* _TASK INSTRUCTIONS_:
Begin your transcription at the line containing "Отзывы на компанию" and continue it, word for word, to the final line below. Include only those lines and skip the pictures.

* _DATA SECTION_:
---

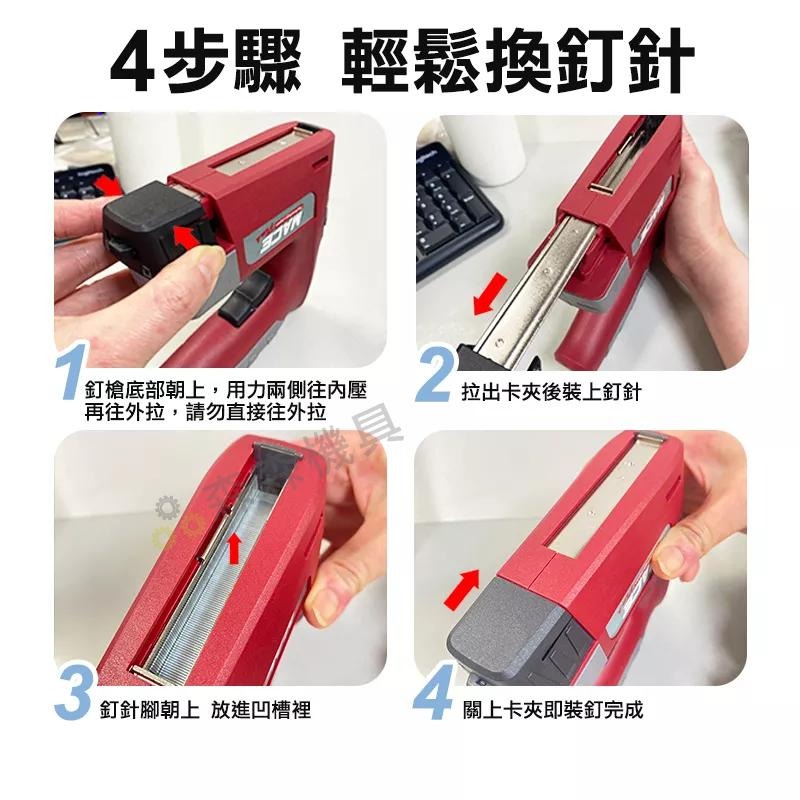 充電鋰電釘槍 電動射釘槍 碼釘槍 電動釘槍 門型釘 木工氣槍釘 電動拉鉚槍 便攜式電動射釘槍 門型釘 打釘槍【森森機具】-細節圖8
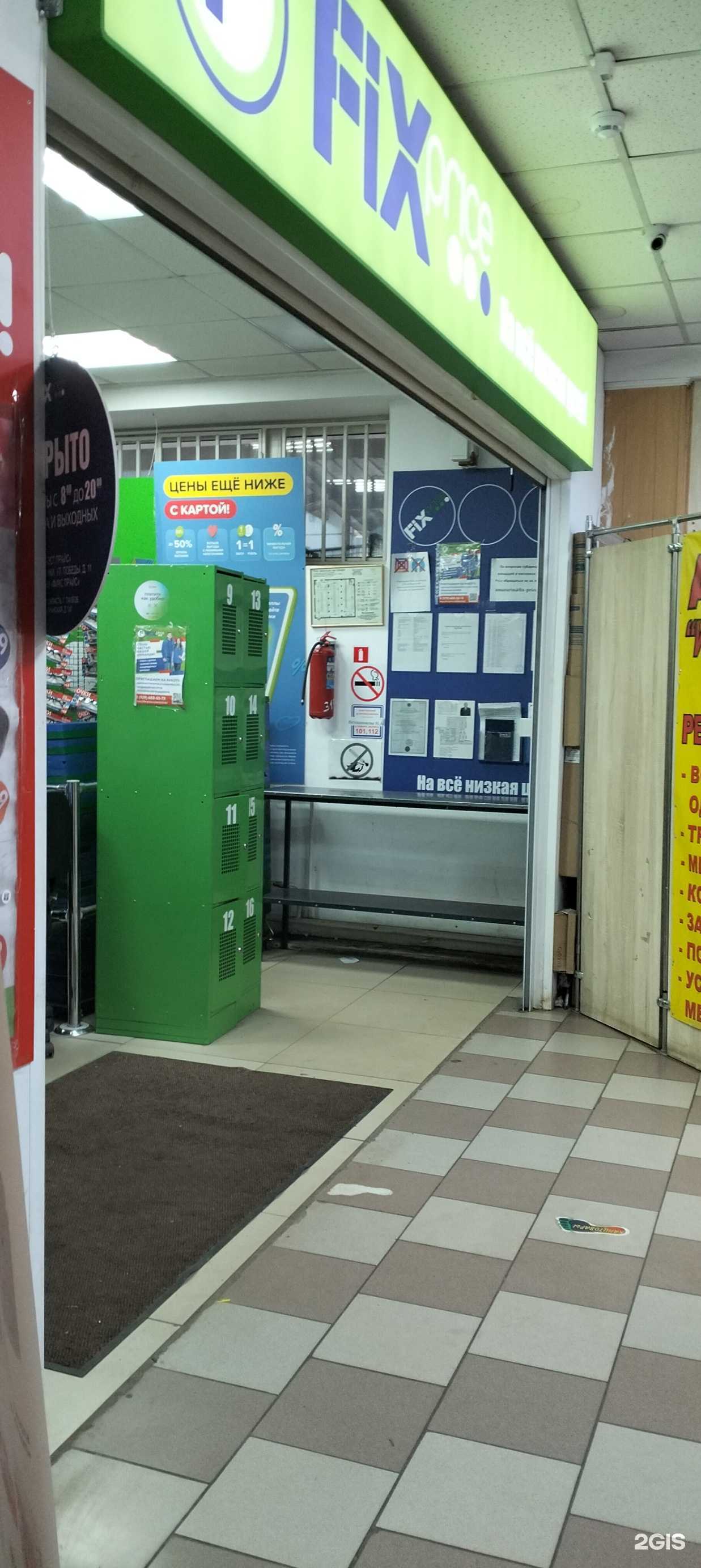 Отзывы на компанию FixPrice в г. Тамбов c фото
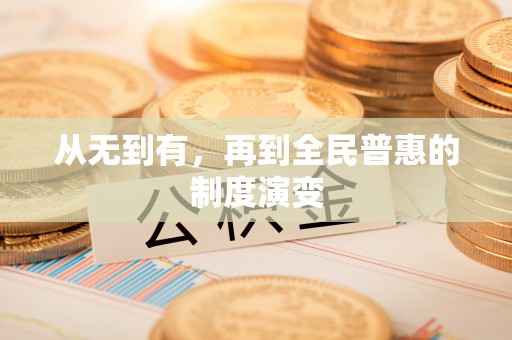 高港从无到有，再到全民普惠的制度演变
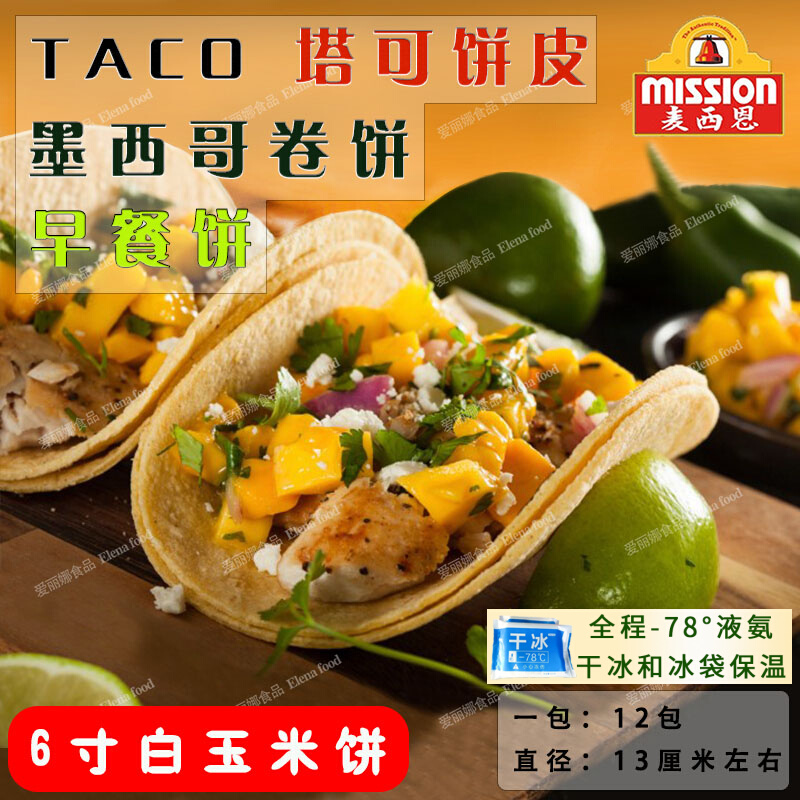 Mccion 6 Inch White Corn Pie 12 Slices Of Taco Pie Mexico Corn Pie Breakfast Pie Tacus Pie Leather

---

* _PROBLEM SOLUTION_:
 Отзывы на компанию FixPrice в г. Тамбов c фото
 高港从无到有，再到全民普惠的制度演变
 Mccion 6 Inch White Corn Pie 12 Slices Of Taco Pie Mexico Corn Pie Breakfast Pie Tacus Pie Leather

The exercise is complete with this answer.